| Work to complete |
Below are the entries. Print only the lines starting at the one with "UrbanLight | Minimalistische" and ending at the one with "Baobab Clarissa Top In Black In Black", exactly, with no pictures.

| Data shown |
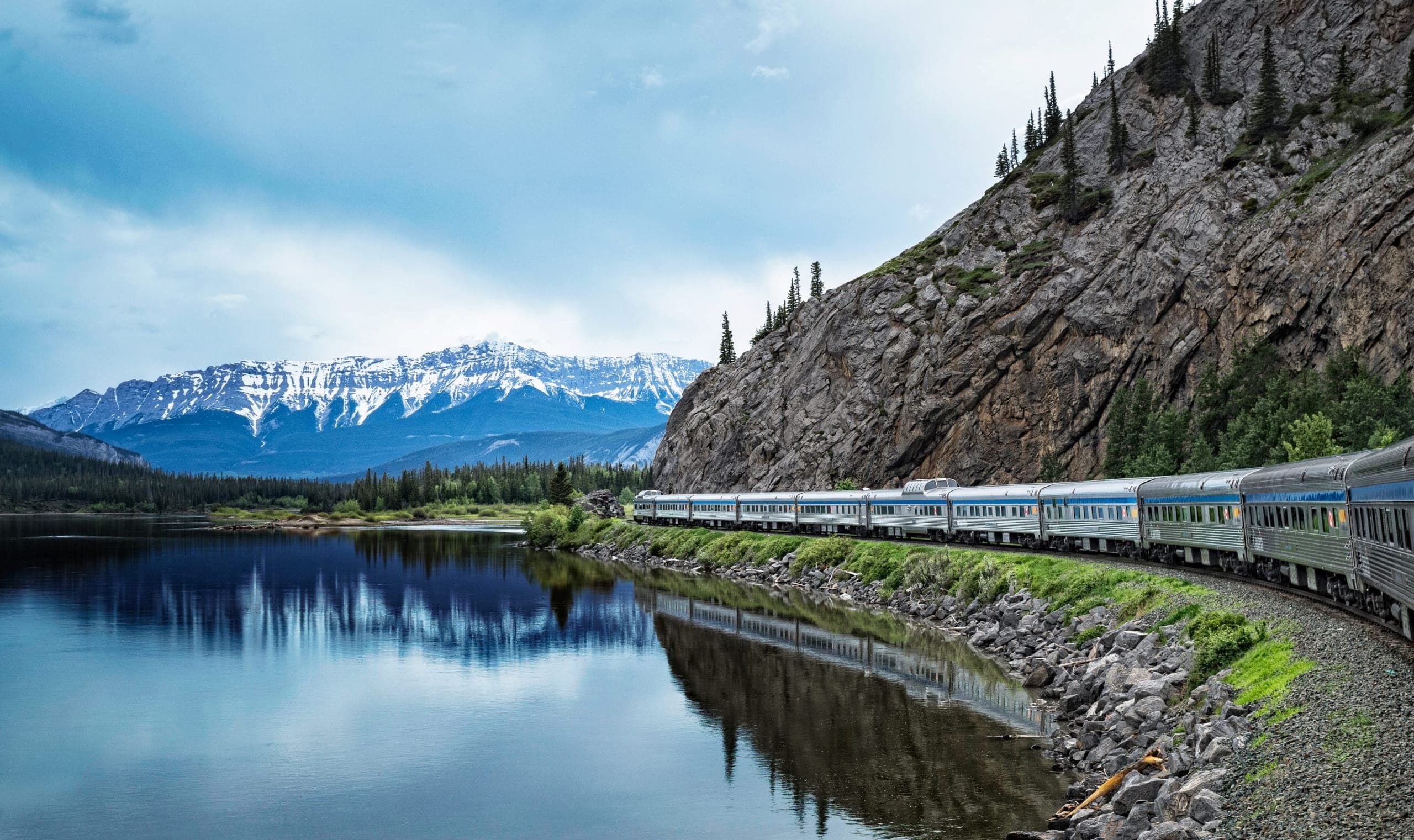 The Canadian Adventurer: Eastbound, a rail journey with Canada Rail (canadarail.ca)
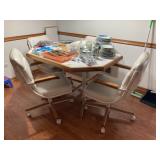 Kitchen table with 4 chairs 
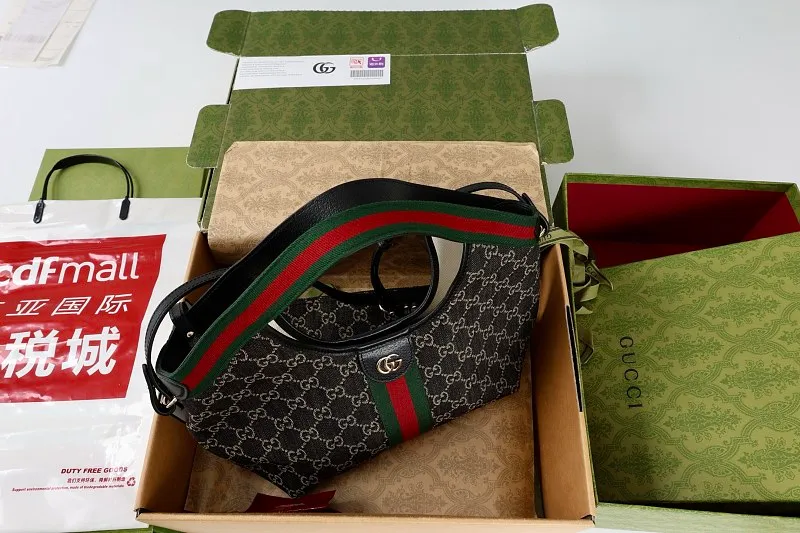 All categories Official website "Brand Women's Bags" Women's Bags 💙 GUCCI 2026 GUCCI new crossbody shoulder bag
--
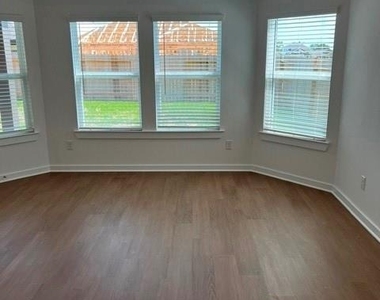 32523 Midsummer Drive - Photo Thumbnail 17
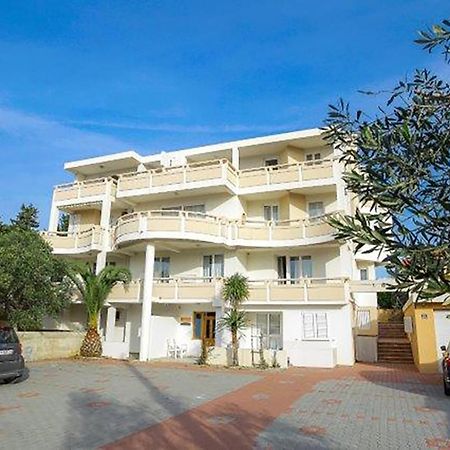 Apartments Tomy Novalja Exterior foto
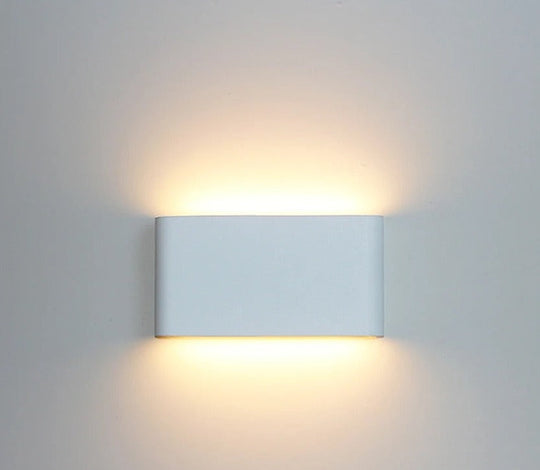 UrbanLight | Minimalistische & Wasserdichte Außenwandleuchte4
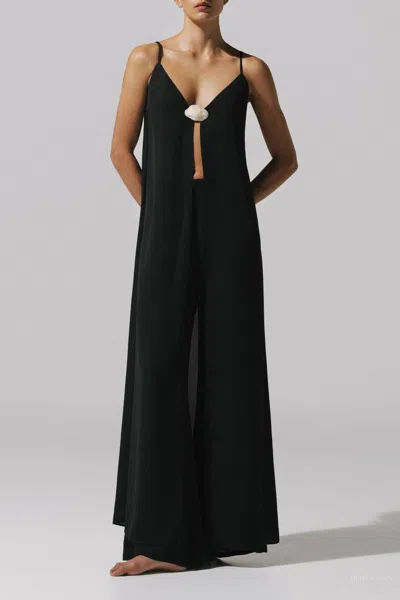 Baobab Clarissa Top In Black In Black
--
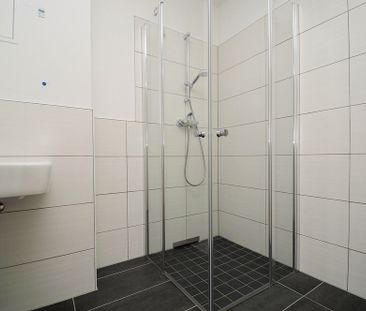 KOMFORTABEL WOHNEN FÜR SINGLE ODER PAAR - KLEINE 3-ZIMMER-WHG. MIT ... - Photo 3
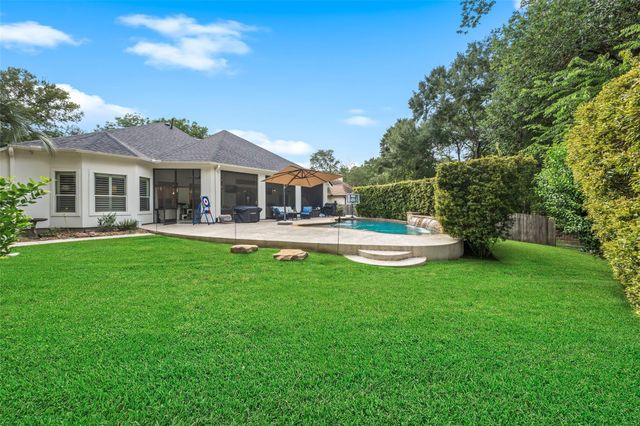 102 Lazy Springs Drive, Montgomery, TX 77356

| Solution to the exercise |
 UrbanLight | Minimalistische & Wasserdichte Außenwandleuchte4
 Baobab Clarissa Top In Black In Black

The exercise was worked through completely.